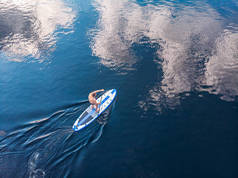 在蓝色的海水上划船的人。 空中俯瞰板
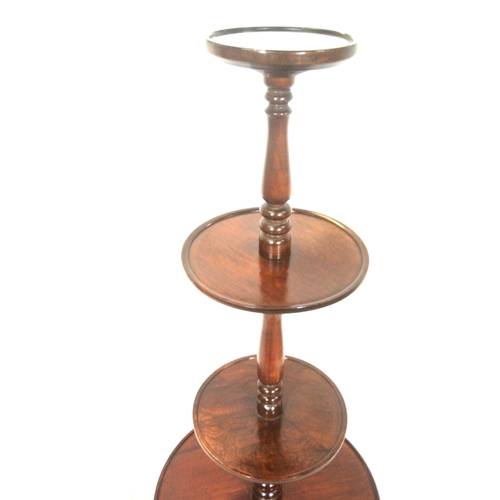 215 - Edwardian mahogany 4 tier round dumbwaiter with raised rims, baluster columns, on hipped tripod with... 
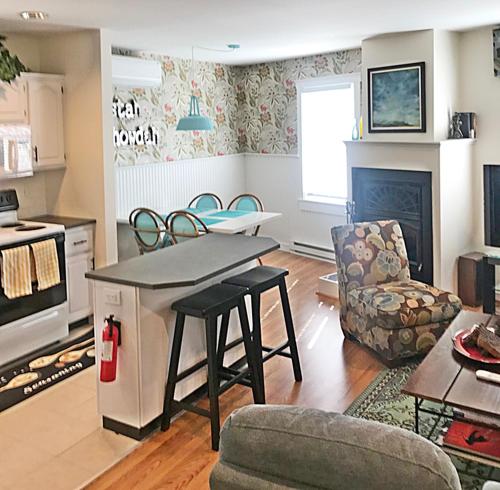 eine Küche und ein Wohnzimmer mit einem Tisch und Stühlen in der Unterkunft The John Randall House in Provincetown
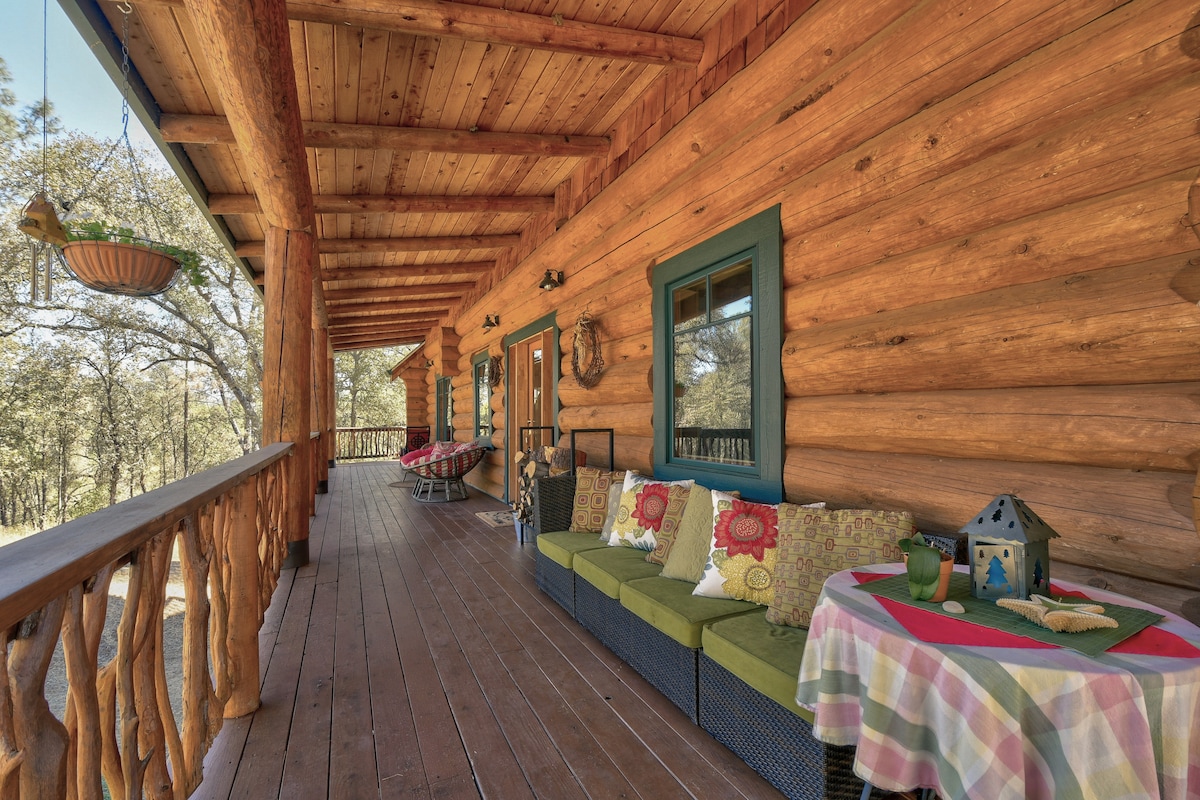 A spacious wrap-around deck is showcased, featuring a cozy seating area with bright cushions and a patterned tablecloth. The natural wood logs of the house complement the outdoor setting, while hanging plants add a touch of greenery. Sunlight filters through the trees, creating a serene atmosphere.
---
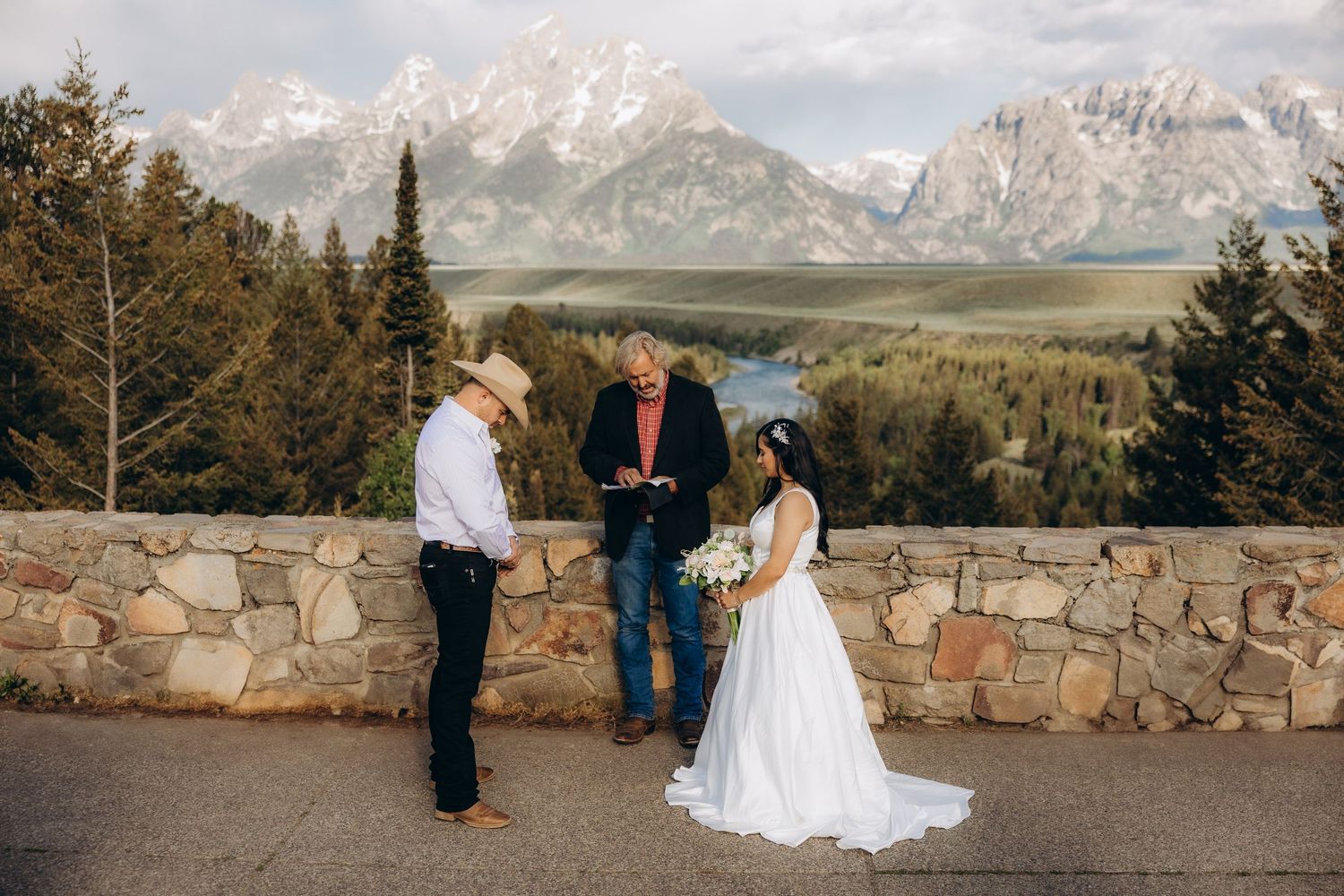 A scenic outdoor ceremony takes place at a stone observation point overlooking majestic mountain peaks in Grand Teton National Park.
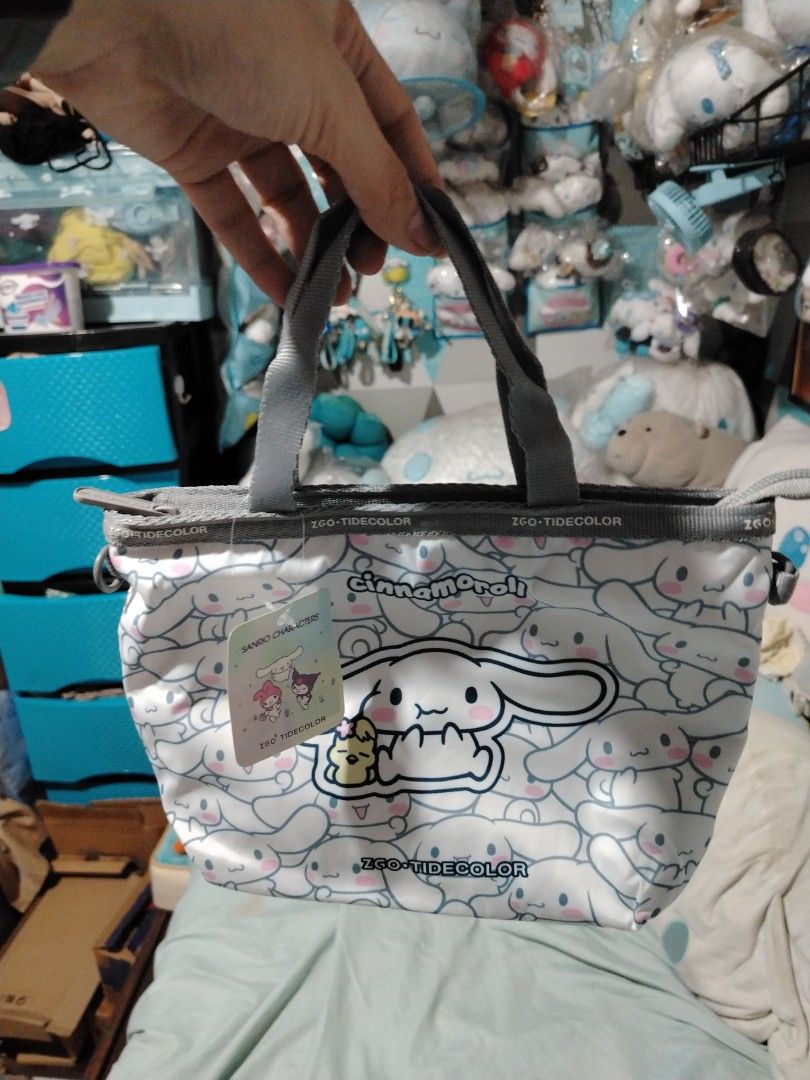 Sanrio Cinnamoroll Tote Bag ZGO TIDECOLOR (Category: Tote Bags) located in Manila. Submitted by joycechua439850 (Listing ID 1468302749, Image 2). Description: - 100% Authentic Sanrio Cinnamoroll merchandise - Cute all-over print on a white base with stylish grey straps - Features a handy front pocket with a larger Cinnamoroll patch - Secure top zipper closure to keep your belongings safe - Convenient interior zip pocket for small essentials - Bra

* _Action item_: Look above for the line with "A scenic outdoor" and the line with "Sanrio Cinnamoroll Tote"; set down those two lines and all lines between them exactly, without pictures and without anything else.

* _Finished exercise_:
 A scenic outdoor ceremony takes place at a stone observation point overlooking majestic mountain peaks in Grand Teton National Park.
 Sanrio Cinnamoroll Tote Bag ZGO TIDECOLOR (Category: Tote Bags) located in Manila. Submitted by joycechua439850 (Listing ID 1468302749, Image 2). Description: - 100% Authentic Sanrio Cinnamoroll merchandise - Cute all-over print on a white base with stylish grey straps - Features a handy front pocket with a larger Cinnamoroll patch - Secure top zipper closure to keep your belongings safe - Convenient interior zip pocket for small essentials - Bra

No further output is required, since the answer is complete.